The trick here is to make sure it's not too early and a field sample is only as good as the skill of the person sampling. I'm always drumming on Brad to "sample the juice," meaning, "don't sample what looks good to eat (a natural reflex), but instead represent what will come in to the winery." That means you have to find all the clusters hiding in the canopy, which, for Sauvignon Blanc, is quite bushy. If the field sampler can't find it, the pickers surely will.

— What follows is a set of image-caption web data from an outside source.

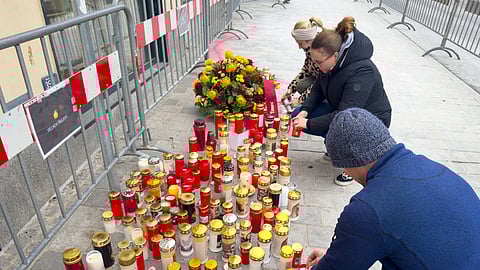 People light candles at the site of stabbing a day after an attack that left a 14-year-old dead and five others injured, in Villach, Austria, Sunday, Feb. 16, 2025.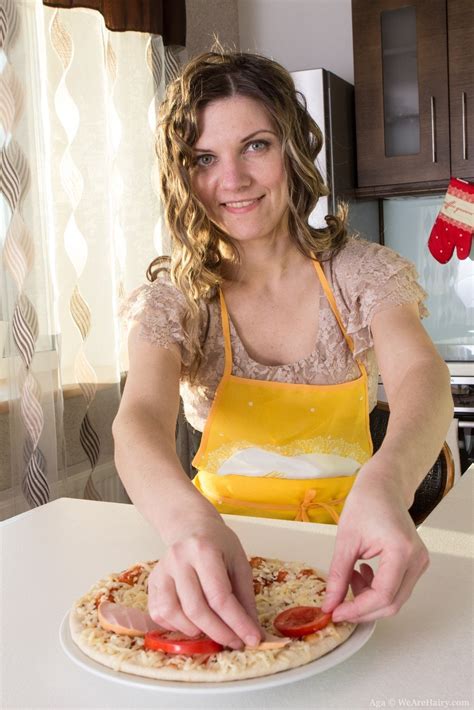 aga is a beautiful sexy blonde who is making pizza after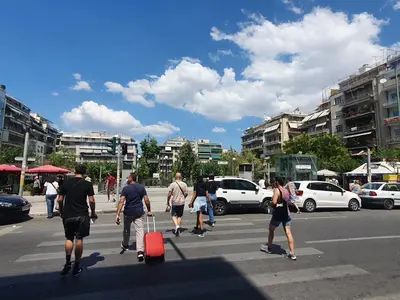a group of people walking in a parking lot with luggage at Pedion Areos Park 4 Center 4 in Athens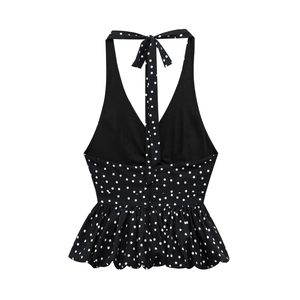 Detail of halter neck polka dot top with deep V-neck and peplum ruffle hemline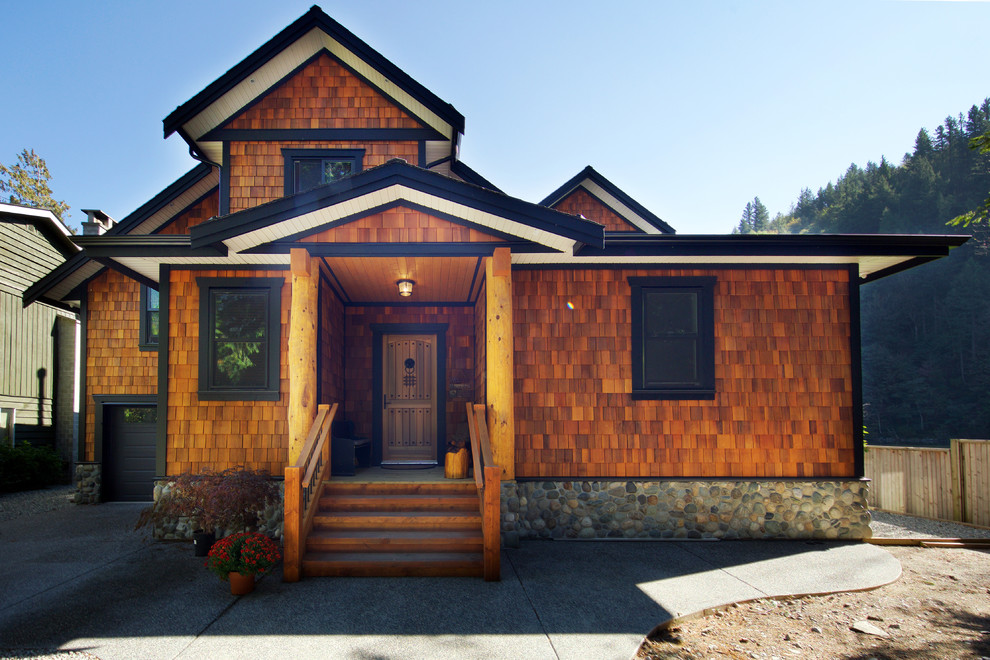 Esempio della facciata di una casa marrone rustica a due piani di medie dimensioni con rivestimento in legno e falda a timpano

As an insurance policy for harvest timing in our Sauv Blanc, I always make a point to go out in the block and literally stick my head deep into the canopy and look around. I look for the greenest clusters in there and taste a few berries from those clusters. They represent the tail end of ripening and when THOSE berries taste in balance, we pick ASAP. Note that I wrote "taste," not "measure" because, in the end, that is the winemaker's ultimate tool. I'm sure we could measure just those tail-end berries for pH (forget sugar) and get a verifiable result, but why bother? As my French counterpart said to me when we had a translation issue, "it's the taste." Kinda cool that we have these measuring devices built-in, wherever we go (unless you have a cold).